MITOCHONDRIA: In every cell are from a few to hundreds of small areas called mitochondria. They provide energy for cells through the Krebs Cycle, which is far more efficient than glycolysis, the process that supplies energy inside cells but outside the mitochondria. All cells need functioning mitochondria, where the Krebs Cycle occurs, to have apoptosis. Cancer cells have defective mitochondria which forces them to use glycolysis for energy. Since cancer cells have defective mitochondria, and do not use the Krebs cycle effectively, they do not have apoptosis, so they live indefinitely and kill by invading and destroying normal cells.

A CURE FOR CANCER? Researchers today are trying to cure cancer by blocking glycolysis. This could force mitochondria to become active again and use the Krebs Cycle for energy so that the cells can stop being cancerous and regain apoptosis, their programmable cell death. The chemical dichloroacetic acid (DCA), which increases the chemical reactions of the Krebs cycle in mitochondria, has been shown to kill cancer cells in laboratory tests and in animals. Anything that activates or restores mitochondria can restart apoptosis and cause cancer cells to kill themselves. At the University of Alberta, Dr.

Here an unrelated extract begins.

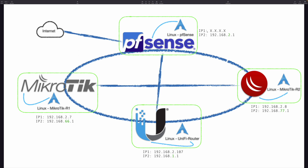For PFSense, IP1 is the internet IP address and IP2 is my home network's LAN, which is the /2 subnet. For the first MicroTik, IP1 is the /2 network and IP2 is its own subnet, which I name as the 66 subnet. For the other MicroTik, similar situation, but I name it as the 77 subnet. For the UniFi router, I use the /1 default subnet. During configuration of these three routers, you need to configure the default gateway — I configured all of them to point to PFSense. So those three green links are already done and routing is working.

Evangelos Michelakis is doing research on DCA. Another activator of mitochondria, 3-BrOP, is being studied at The University of Texas M. D. Anderson Cancer Center. 2-deoxyglucose (2-DG) is being used at Emory University School of Medicine, and lactate dehydrogenase A is being researched at Johns Hopkins University.

DIANA'S FATHER WORKED WITH KREBS: In the 1930's, my wife Diana's father, Donald Purdie, was a professor at Cambridge University in England and spent his career working with Nobel Prize winner, Hans Krebs (1900-1981) whose research group worked out most of the chemical reactions that supply energy for cells. Her father published with Hans Krebs.

In the early 1940s, the Germans bombed England daily. Donald Purdie accepted the professorship and chair of the Department of Chemistry at Raffles College in Singapore, to get away from the war in Europe. Diana was born in Singapore in January 1942. Two weeks later, the Japanese invaded Singapore and her father was taken prisoner. The Japanese killed this great academic, starving him to death while he was forced to do manual labor to build the Burma-Thai railroad.

Diana and her mother and brother escaped on a boat that arrived in Bombay six weeks later. They then came to the United States and her mother didn't learn of Donald's death until three years later.